2.1. Understanding Data Lakes and Data Meshes
A Data Lake (DL) is a centralized architecture designed to store vast amounts of structured, unstructured and semi-structured data at any scale. Unlike traditional databases or data warehouses that require data to be structured before storage, a DL allows for hosting raw data in its native format [
13]. This means data from various sources like logs, clickstreams, social media, videos, and sensor data can be stored without the need for pre-defined schemas. DLs offer storage flexibility, allowing the storage of data in its raw form without upfront schema definition. This feature enables the accommodation of various data types and formats from diverse sources at any production frequency. DLs are highly scalable and capable of handling very large datasets making them ideal for Big Data applications. They often provide cost-effective storage options by leveraging cloud object storage, resulting in more economical solutions compared to traditional data warehouses.

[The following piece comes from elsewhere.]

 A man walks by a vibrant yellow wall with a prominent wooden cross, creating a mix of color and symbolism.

DLs seamlessly integrate with tools and technologies that enable processing, querying, and analyzing the stored data. Properly configured DLs can implement security measures and data governance policies to ensure privacy and compliance with regulations. While DLs offer a high degree of flexibility, they require careful management to prevent them from becoming "data swamps", that is, hosting places where data is poorly organized, difficult to find, and hard to analyze [
14]. To address this concern, practices like metadata management, data cataloguing, and establishment of data governance policies are crucial.
Figure 1 presents the structure of a DL and an algorithmic description of how the DL concept works in practice, from collecting the data, annotating it using metadata, storing it and finally retrieving it based on the metadata tags.

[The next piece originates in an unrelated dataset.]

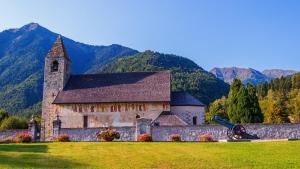 a large stone church with mountains in the background at Aria Life Hotel Pinzolo in Pinzolo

The concept of Data Mesh (DM), as mentioned in the previous section, was introduced in 2019 [
15], which essentially represents a novel approach to data management within large organizations. Unlike traditional methods, a DM emphasizes several key concepts to revolutionize data handling. Firstly, it advocates for Domain-oriented Ownership. This means that data domains are entrusted to the teams or business units possessing the highest expertise in that specific domain. These teams bear the responsibility for ensuring the quality, accessibility, and privacy of their respective domain’s data. Additionally, a DM promotes the idea of Decentralized Data Products. Here data is treated as a product and each domain team is accountable for the entire data lifecycle within their domain. This encompasses tasks such as production, consumption, quality assurance, privacy measures, and comprehensive documentation. Furthermore, DMs advocate for Federated Computational Governance, an approach where each domain team defines and enforces the computational logic specific to their domain. This logic is then executed within the broader context of the mesh [
16].
To facilitate autonomy and efficiency, DM incorporates a self-serve data infrastructure. This infrastructure is designed to empower domain teams with the necessary tools and resources to independently manage their data products, reducing reliance on centralized data engineering teams. Embracing an API-first approach, DM encourages the utilization of Application Programming Interfaces (APIs) for seamless data exchange and communication between different components of the system. This promotes loose coupling and flexibility in how data is consumed and utilized.
Figure 2 presents the structure of a DM and the algorithm that serves as the core of its operation.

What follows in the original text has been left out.